Cesare Battisti : Dernières cartouches, roman
Etant le seul à ne pas avoir d’emploi fixe, la tâche de me rendre d’une ville à l’autre pour satisfaire les nombreuses demandes de rencontres ou d’« engagement » me revenait souvent. Ces premières réunions se révélèrent à la fois pénibles et révélatrices. Je faisais la connaissance de camarades extrêmement cultivés, hommes et femmes de tous âges, hétéros, homos, bis, transsexuels, certains possédant déjà une expérience dans la lutte armée. Des gens qui avaient tant étudié qu’ils auraient convaincu leur propre mère de ne pas venir au monde. Mais ils étaient las des discussions, et trouvaient sans doute quelque élément concret dans mes phrases boiteuses, l’usage impropre des auxiliaires, les citations sans queue ni tête, l’amour sans Freud et la confusion qui m’envahissait à chacune de mes gaffes. Souvent à l’occasion d’une fête ou d’une réunion, je m’écartais un instant pour observer leurs gestes délicats, leurs paroles aimables, leurs rires bien éduqués. Ils ne semblaient pas avoir besoin d’autre chose pour vivre, et pourtant ils n’auraient pas un instant hésité à mettre leur vie en jeu pour un résultat dont ils n’auraient jamais profité. Ce fut alors que j’appris à les aimer. Il ne me restait plus qu’à les mériter.
Celui qui parle s’appelle Claudio Basile. Il s’appelle ainsi depuis peu : depuis son arrivée à Milan en janvier 1975. Claudio Basile est un faux nom. Son vrai nom, on ne le connaîtra pas. Avant ce faux nom, avant son arrivée à Milan, c’était un je sans nom, le je sans nom d’un braqueur raté de fourgon postal, d’un délinquant de droit commun, d’un jeune garçon du sud de l’Italie qui hait le Nord productiviste, en vrac : ses usines et ses monuments, son élégance et ses villes polluées, sa culture, ses femmes faciles et ses flics, ses discours cyniques et son intelligence politique, vérités contradictoires et apories paradoxales y comprises.
Dernières cartouches est le roman d’apprentissage de la ville, de la société contemporaine et de la révolte contre les classes et les injustices sociales.
Est-ce un roman noir ? C’est un roman désespéré. Est-ce un roman politique ? C’est un roman désespéré. Est-ce un roman autobiographique ? C’est un roman désespéré.
Cesare Battisti, dans un entretien d’octobre 2001 paru dans la revue Barricata, dit : « Je ne vois pas comment on peut ne pas être désespéré aujourd’hui. Ceci dit, l’espoir est toujours présent dans mes livres, il y a toujours une ouverture, sinon j’arrêterai d’écrire. »

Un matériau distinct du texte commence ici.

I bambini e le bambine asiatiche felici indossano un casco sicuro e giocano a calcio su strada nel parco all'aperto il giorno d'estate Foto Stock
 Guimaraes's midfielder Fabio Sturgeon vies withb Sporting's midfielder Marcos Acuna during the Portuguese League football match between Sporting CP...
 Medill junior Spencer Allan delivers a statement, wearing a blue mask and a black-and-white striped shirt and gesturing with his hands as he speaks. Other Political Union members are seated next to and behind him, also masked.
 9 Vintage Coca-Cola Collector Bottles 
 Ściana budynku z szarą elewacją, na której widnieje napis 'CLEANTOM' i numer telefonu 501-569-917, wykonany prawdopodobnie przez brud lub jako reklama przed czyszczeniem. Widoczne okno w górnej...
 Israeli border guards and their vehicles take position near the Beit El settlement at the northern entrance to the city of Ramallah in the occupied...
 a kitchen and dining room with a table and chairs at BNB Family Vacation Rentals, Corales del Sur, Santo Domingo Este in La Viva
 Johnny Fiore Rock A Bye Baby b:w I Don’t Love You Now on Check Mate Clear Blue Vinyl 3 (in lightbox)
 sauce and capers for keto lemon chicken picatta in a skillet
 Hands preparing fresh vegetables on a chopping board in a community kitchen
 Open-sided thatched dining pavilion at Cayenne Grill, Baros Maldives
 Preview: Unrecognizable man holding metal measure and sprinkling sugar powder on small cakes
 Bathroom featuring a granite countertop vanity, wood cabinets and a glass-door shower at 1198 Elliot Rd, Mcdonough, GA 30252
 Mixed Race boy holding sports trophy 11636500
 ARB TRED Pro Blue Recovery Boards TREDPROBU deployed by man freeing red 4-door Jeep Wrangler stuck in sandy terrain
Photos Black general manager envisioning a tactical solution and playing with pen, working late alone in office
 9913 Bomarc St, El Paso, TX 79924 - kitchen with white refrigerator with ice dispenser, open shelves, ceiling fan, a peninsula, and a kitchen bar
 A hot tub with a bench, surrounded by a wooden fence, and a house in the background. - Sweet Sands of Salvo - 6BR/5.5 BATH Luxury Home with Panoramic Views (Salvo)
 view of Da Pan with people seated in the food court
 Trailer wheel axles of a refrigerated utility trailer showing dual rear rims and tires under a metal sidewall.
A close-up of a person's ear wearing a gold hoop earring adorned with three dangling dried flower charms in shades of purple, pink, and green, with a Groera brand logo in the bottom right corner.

Dans Dernières cartouches l’espoir est présent dans cette phrase : « Il se frotta les yeux et observa l’aube qui pointait sur les versants enneigés. Soudain il bondit sur ses pieds et pointa l’index :
— Regardez là-haut, les pylones, on est en France ! »
Dernières cartouches, avec une préface de Valerio Evangelisti, traduit de l’italien par Gérard Lecas, a d’abord paru aux Editions Joëlle Losfeld en 1998, puis a été repris pour l’édition de poche chez Rivages/noir (n° 354), collection que dirige François Guérif.